▶ Problem to work on
In the records below, find the line with "Patient room supply" and the line with "のんき - 左から黒はんぺん・椎茸肉詰め"; return exactly those lines and every line between them.

▶ Data records
^^^^^^^^

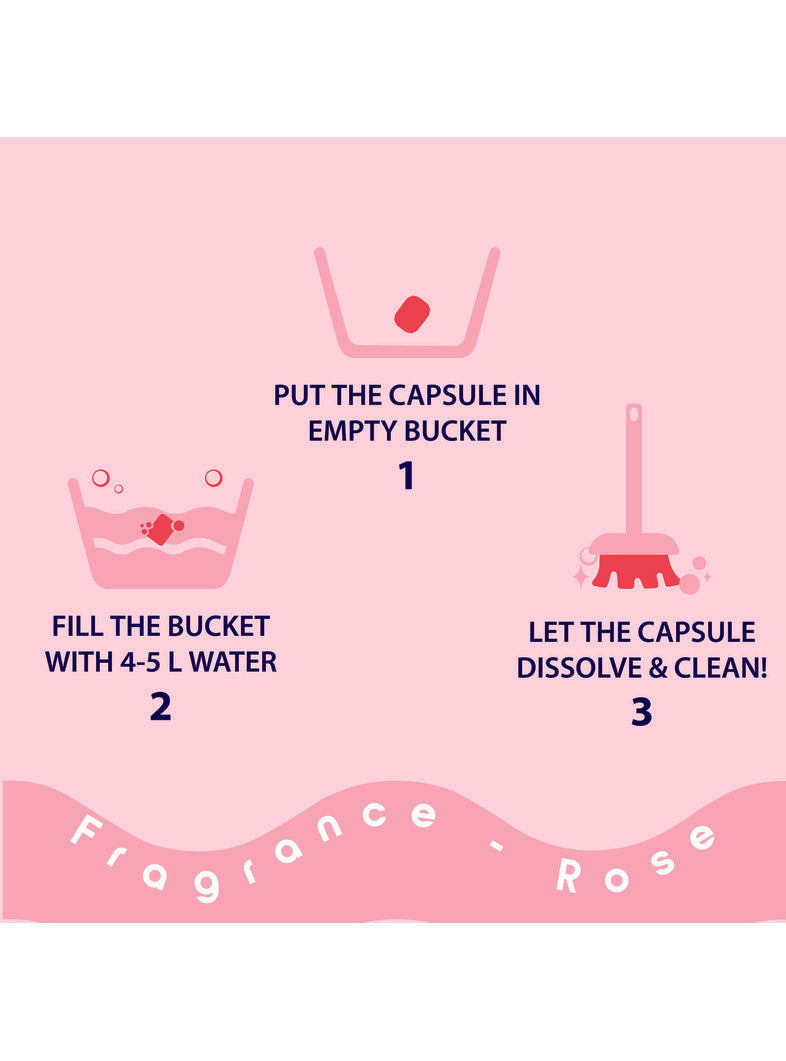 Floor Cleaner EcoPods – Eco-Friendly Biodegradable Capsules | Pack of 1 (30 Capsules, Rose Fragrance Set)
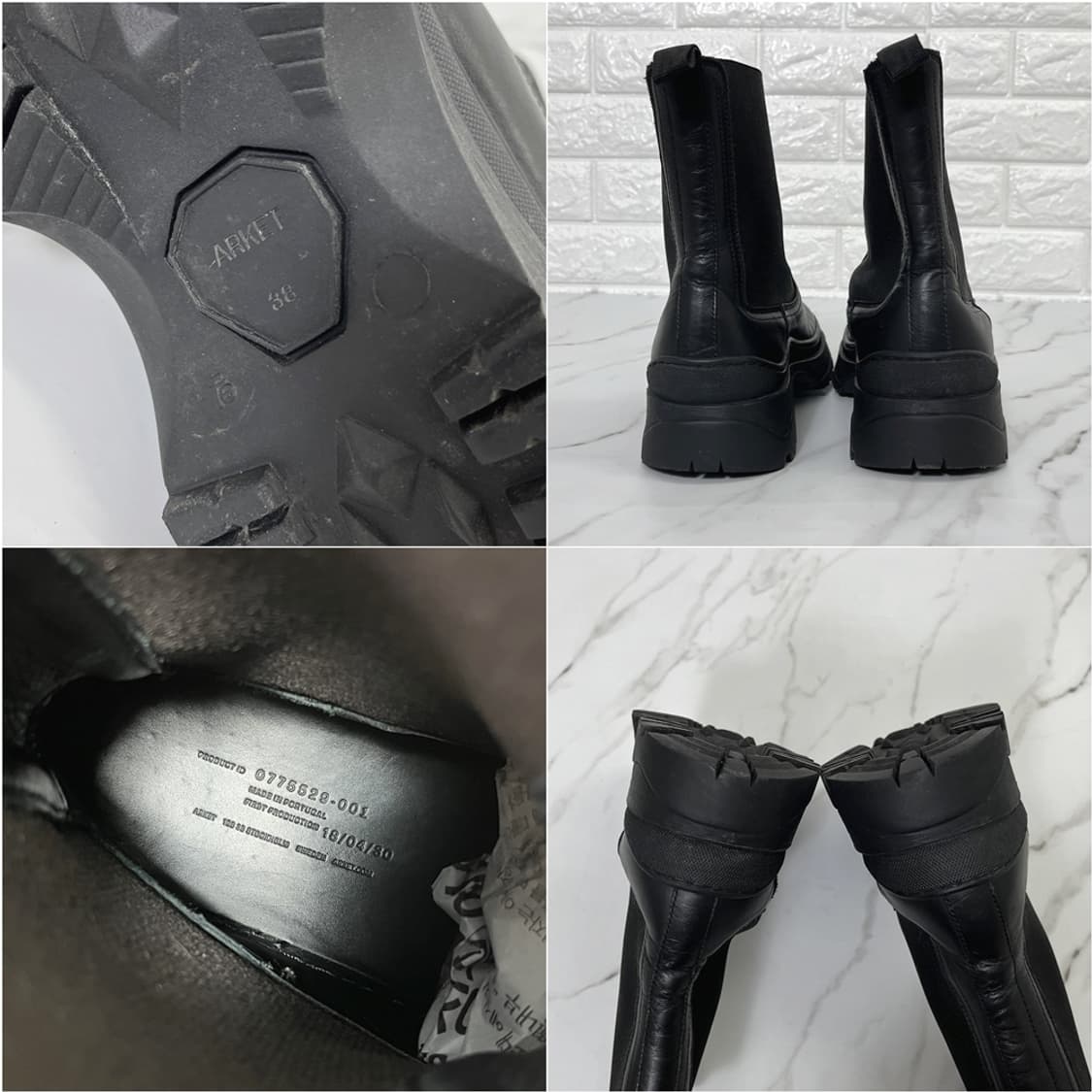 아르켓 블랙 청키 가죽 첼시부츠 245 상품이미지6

^^^^^^^^

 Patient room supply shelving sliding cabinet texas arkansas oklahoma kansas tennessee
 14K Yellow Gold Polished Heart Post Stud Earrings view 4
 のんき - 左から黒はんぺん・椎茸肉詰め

^^^^^^^^

▶ Solved problem
 Patient room supply shelving sliding cabinet texas arkansas oklahoma kansas tennessee
 14K Yellow Gold Polished Heart Post Stud Earrings view 4
 のんき - 左から黒はんぺん・椎茸肉詰め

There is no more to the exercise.